The Art of Reinvention

Artist Josie Lewis ’98 shares the story behind her social media ascension and her passion for inspiring people to create.

By Cherie Suonvieri '15, content specialist

November 15, 2019 | 1 p.m.

Bethel alumna and artist Josie Lewis

Josie Lewis’ behind-the-scene and creative inspiration videos have more than 1 billion views on social media, and her audience only continues to grow.

In the summer months, a visitor to Josie Lewis’ home studio will often encounter several dozen monarch butterflies floating around a flower patch outside her front door. The scene resembles a walk-in butterfly garden, but without walls to keep the butterflies contained. Lewis and her family raise monarchs indoors, in a homemade butterfly house, from the time they’re eggs through the stages of metamorphosis. When released, fully matured, the monarchs often stay close. “Much like the butterfly,” Lewis smiles, “I’ve been in the process of reinvention, for probably the last five or six years.”

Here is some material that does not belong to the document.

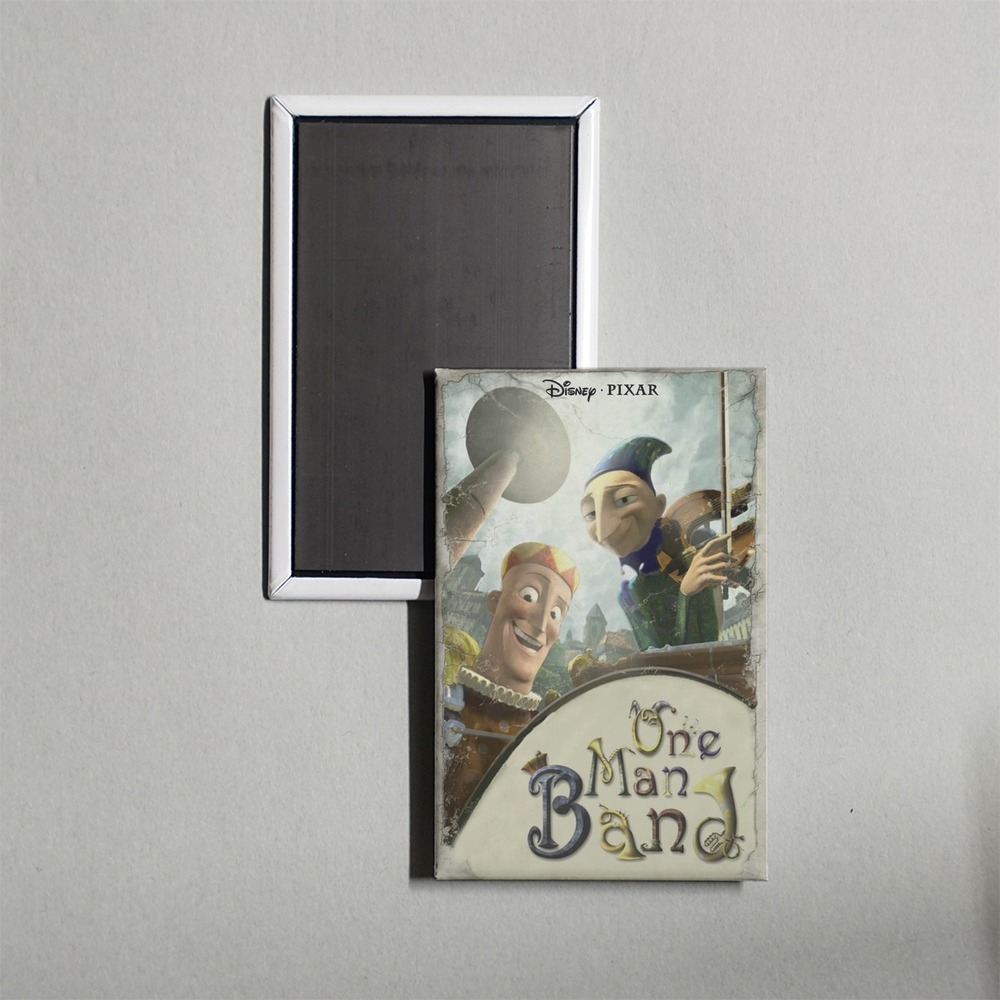 One Man Band Mini Movie Fridge Magnet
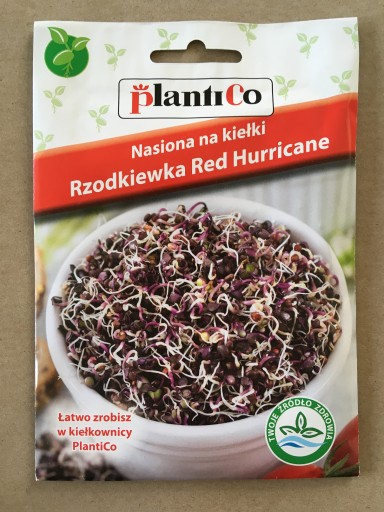 Semená reďkovky Red Hurricane na klíčky 10g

Lewis, who lives in St. Paul, Minnesota, makes art in a variety of mediums, for a number of audiences, including her 1.8 million social media followers. Daily, she shares colorful time-lapse videos of her creative process to TikTok, Instagram, and Facebook. Her videos, which have been described as inspiring and healing, have garnered more than 1 billion views—but having such a large platform is still relatively new, and it was never part of her original plan.

After earning her Bachelor of Fine Arts at Bethel and then later her Master of Fine Arts, Lewis watched her peers go on to become art professors. While she enjoyed teaching, it didn’t feel like her calling, so she started to rethink her career path. Around the same time she was reevaluating her professional aspirations, she faced a devastating series of personal setbacks. 

Lewis and her husband had been expecting a second baby, but the child was stillborn at 37 weeks. Then, four miscarriages followed. “Eventually, we stopped trying to be pregnant, and I also, almost on the same day, decided that I didn’t want to be an artist,” she says. “There’s a parallel between creating a work of art and creating a human life. It was like both of those things were done. I’d had it.”

But she was still making things. While she didn’t have the energy to make art in the way she did before, she found herself painting simple patterns with watercolor. “It felt like journaling. I wasn’t doing it because I thought it was cutting edge, or that it would push my career forward,” she says. “I was doing it because it was the only thing I could do.”

In the process of making these small works of art, Lewis says she began to feel like herself again. “What I was doing was getting into this meditative flow state, and that was really healing,” she says. Flow is a psychological term used to describe what happens in the brain when a person is in deep concentration. “I’m fascinated with flow as it relates to both creativity and healing. When you can find your zone, in your creative space, it can be really powerful.”

Incidentally, Lewis decided to film and share a time-lapse video of herself creating one of her paintings with the several hundred Instagram followers she had at the time. The video collected more than 1,000 views. She started sharing videos daily, and within three months her account had more than 100,000 followers. That was in 2017; her audience has continued to grow ever since.

Lewis receives a great amount of feedback from her social media followers, and one of the things she hears most frequently is that her videos help viewers with anxiety or sleep. She also hears that her videos make people want to make art. “I want to give people the courage to step out and make something,” she says. “There are a lot of different ways to be creative. I think that our life is made complete and fulfilled when we can explore those areas of passion.”  

Lewis recently conducted a poll on Instagram, which 30,000 people took: 90% of people said they were interested in painting and 90% said they felt creatively blocked. “If I can help people move passed those blocks so they can take a risk on making something, I consider that a win.”

Lewis’ influence stretches beyond social media, as well. This past August, she gave a talk at TEDx Minneapolis. She released a book in December 2018 and has another in the works. She’s a small business owner and continues to make commissioned art projects, including a mosaic mural on the walls of Minneapolis-St. Paul International Airport. The mural contains over 200,000 colorful tiles that together depict 18 butterflies and moths native to Minnesota.

Josie Lewis' mosaic mural at Minneapolis-St. Paul International Airport

Josie Lewis’ mosaic mural can be found in Concourse F of Minneapolis-St. Paul International Airport.

Though butterflies don’t often show up in other areas of Lewis’ art, she appreciates the metaphor their life represents. “Hanging around butterflies and watching their process, I’ve witnessed a kind of transformation that I can trace in my own life,” she says. “And it represents a really terrific spiritual metaphor that can apply to the Christian walk as well.”

While Lewis anticipates that she’ll always be an artist—“being a maker” is part of who she is—she is open to how that might take different forms.

“Being an artist means you’re in a constant state of reinvention,” she says. “Creativity involves openness. You have to be able to let go of your ideas of how things should go. We always want to revert to the known and the safe—but that’s not the best-lived life.”